The tall man smiled, his teeth gleaming white in a face tanned dark by the sun. The stiff breeze ruffled his thick brown hair. “Lieutenant Brendan Trask, Republic of Texas Marines, at your service, ma’am.”

Trask.
The name had a familiar ring. Glancing at his well-defined, masculine features, an image of the equally tall sea captain, Morgan Trask, who commanded the vessel,
Sea Gypsy
, that
Grand-mère
had sailed aboard to France, came to mind. Except for the color of their hair and eyes, the two men looked a
great deal alike. She wondered if they could be brothers, but didn’t ask. The fewer people who knew of her past the better.

“Hello, Lieutenant,” she replied instead. “As I said before, I’m looking for the square.”

“Yes, ma’am. It’s right up Main Street. Just keep on goin’ till you come to the church. Galveston Hotel’s there. Such as it is.”

“Thank you, Lieutenant.”

“My pleasure, ma’am.” He tipped his uniform hat.

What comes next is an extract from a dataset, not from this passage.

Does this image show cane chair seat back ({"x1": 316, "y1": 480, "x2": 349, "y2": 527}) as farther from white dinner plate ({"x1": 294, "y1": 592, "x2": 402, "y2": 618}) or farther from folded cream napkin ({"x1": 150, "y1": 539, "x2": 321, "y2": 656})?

As Nicki walked away, Ram flashed the lieutenant a warning glance. The tall, lean soldier only grinned and kept on watching. She could feel his light-blue eyes on her back—more probably a little lower—and smiled in spite of herself.

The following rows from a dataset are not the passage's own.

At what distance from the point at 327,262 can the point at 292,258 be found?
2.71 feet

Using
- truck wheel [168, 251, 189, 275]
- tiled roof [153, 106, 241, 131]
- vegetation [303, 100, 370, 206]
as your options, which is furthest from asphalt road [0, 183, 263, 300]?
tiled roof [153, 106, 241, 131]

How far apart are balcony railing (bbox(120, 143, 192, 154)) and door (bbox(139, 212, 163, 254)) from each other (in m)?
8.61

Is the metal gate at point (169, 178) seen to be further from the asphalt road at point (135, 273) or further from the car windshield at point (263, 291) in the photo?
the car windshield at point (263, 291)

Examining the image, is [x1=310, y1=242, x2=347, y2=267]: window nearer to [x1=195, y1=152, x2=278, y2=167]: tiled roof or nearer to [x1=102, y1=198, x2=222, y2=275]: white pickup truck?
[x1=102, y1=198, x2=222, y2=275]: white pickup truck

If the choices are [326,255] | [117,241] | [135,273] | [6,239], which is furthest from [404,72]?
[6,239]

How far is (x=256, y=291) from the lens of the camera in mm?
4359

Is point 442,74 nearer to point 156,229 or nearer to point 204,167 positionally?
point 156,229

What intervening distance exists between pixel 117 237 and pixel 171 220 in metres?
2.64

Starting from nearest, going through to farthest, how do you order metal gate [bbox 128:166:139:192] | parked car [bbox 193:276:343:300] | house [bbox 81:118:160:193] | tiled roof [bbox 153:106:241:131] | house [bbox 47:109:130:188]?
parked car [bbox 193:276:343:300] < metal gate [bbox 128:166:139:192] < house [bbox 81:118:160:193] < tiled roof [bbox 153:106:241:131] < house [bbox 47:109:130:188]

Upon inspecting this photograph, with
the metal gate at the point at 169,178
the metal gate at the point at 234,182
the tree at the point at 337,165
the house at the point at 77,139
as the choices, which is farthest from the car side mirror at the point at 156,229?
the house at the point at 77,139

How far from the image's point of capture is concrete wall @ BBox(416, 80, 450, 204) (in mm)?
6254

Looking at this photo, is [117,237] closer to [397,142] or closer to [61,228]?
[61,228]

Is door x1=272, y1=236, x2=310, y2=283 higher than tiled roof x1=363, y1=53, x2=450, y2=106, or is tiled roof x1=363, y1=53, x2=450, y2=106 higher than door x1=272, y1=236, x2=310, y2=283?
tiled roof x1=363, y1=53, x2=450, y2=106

They reached the square, only a few blocks away, at a little after two o’clock. Though Galveston was a tiny town with none of the elegance of the city she had left behind, it was obvious the people planned to celebrate the Christmas holidays, which were less than two weeks away. Wreaths hung on store windows, decorated with berries and popcorn, and paper ornaments draped across door frames.

Nicki tried not to notice them. For the past three years her Christmases had all been dismal. Why should this one be any different?

Picking up their pace, they eventually located the hotel, a two-story wood-frame structure with only the most meager amenities, and checked in.

“Cap’n Mercer’ll sure be glad to see you, ma’am,” the desk clerk said. “He’s got hisse’f a batch a randy … er … pardon me, ma’am, a group a homesteaders just itchin’ to find theirselves a bride.”

Nicki forced a smile. “Where will I find him?”

“He’ll be back about suppertime. Meanwhile, why don’t you git yerself some rest, or maybe take a look-see ‘round town?”

“Thank you. I could use a little rest.” What she really needed was some time alone. “Why don’t you go on, Ram? I’m sure you’d enjoy seeing the city.” Such as it was.

“I’ll just put this trunk in your room first.”

Nicki nodded and followed him up the stairs.

Sometime later, she returned to the lobby and eventually located the man she had been seeking.

“It’s a pleasure to meet you, ma’am.” Raymond Mercer, a middle-aged man with thick mutton-chop whiskers, sized her up with a single sweeping glance.